North Preston traces its origins to the immigration of former African American slaves during the 18th and 19th centuries. Many[who?] have thought it was named after clergy Richard Preston, who set up 11 Baptist churches in Nova Scotia, and helped pass the Slavery Abolition Act of 1833. However Richard Preston was an escaped slave from Virginia and took the name Preston from the community as Preston was where he was reunited with his mother as she had escaped slavery earlier in her life. North Preston is the oldest and largest indigenous Black community in Canada, as well as having the highest concentration of Black Canadians across Canada.

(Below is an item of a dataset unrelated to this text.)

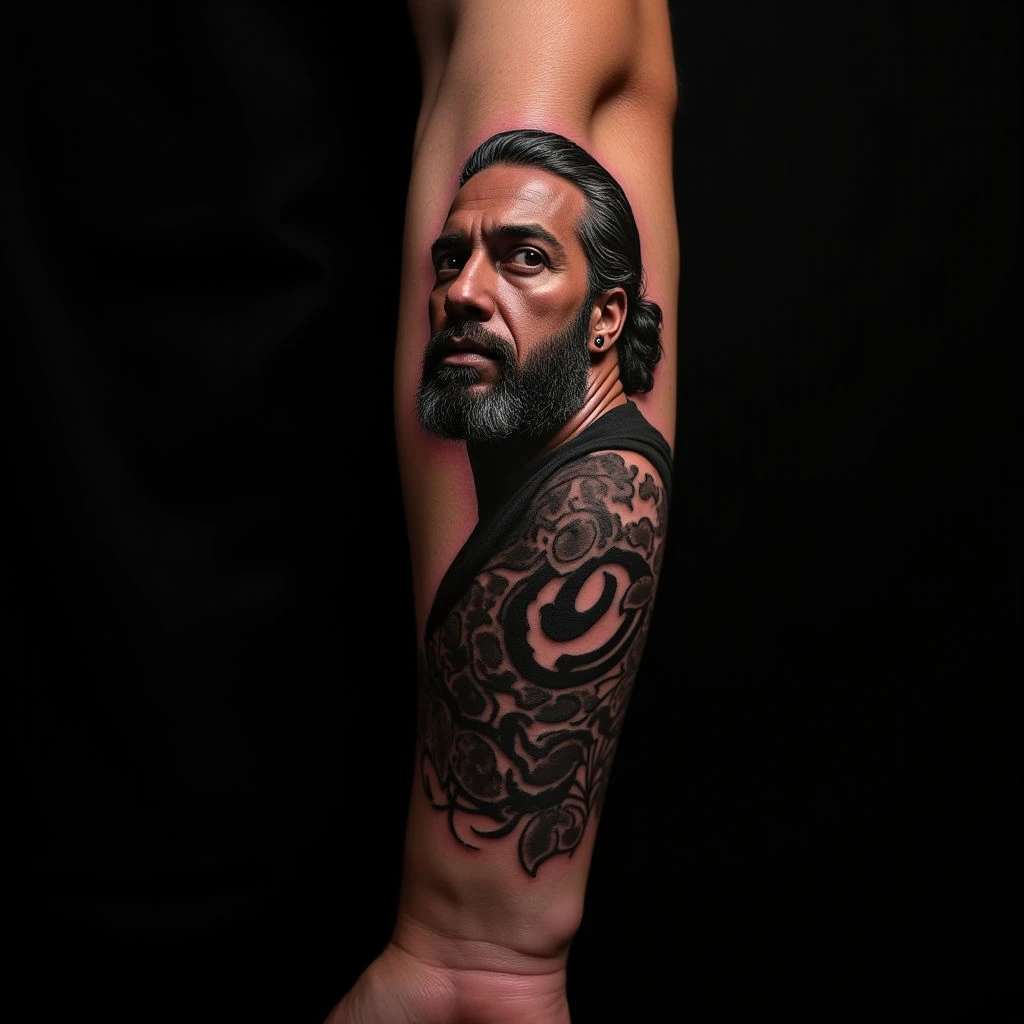 Bold Face Tattoos for Guys: Old School XL Designs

Today, North Preston is a prosperous community having a high home-ownership rate, a stable population, and the community's ability to resist urban sprawl such as that occurring in other Black Nova Scotian settlements. The community also has a higher average income at $33,233 a year, compared with the average of $31,795 for Nova Scotia. Despite that, however, the community remains relatively isolated from the rest of Halifax, in its rural setting. Some contemporary issues include a higher percent of lone parent families, higher unemployment rates for those aged 15–24 and a recent surge in gun crime. The Prestons have slightly more lone parent families at 19.8 percent, compared to Nova Scotia's average of 16.9 percent.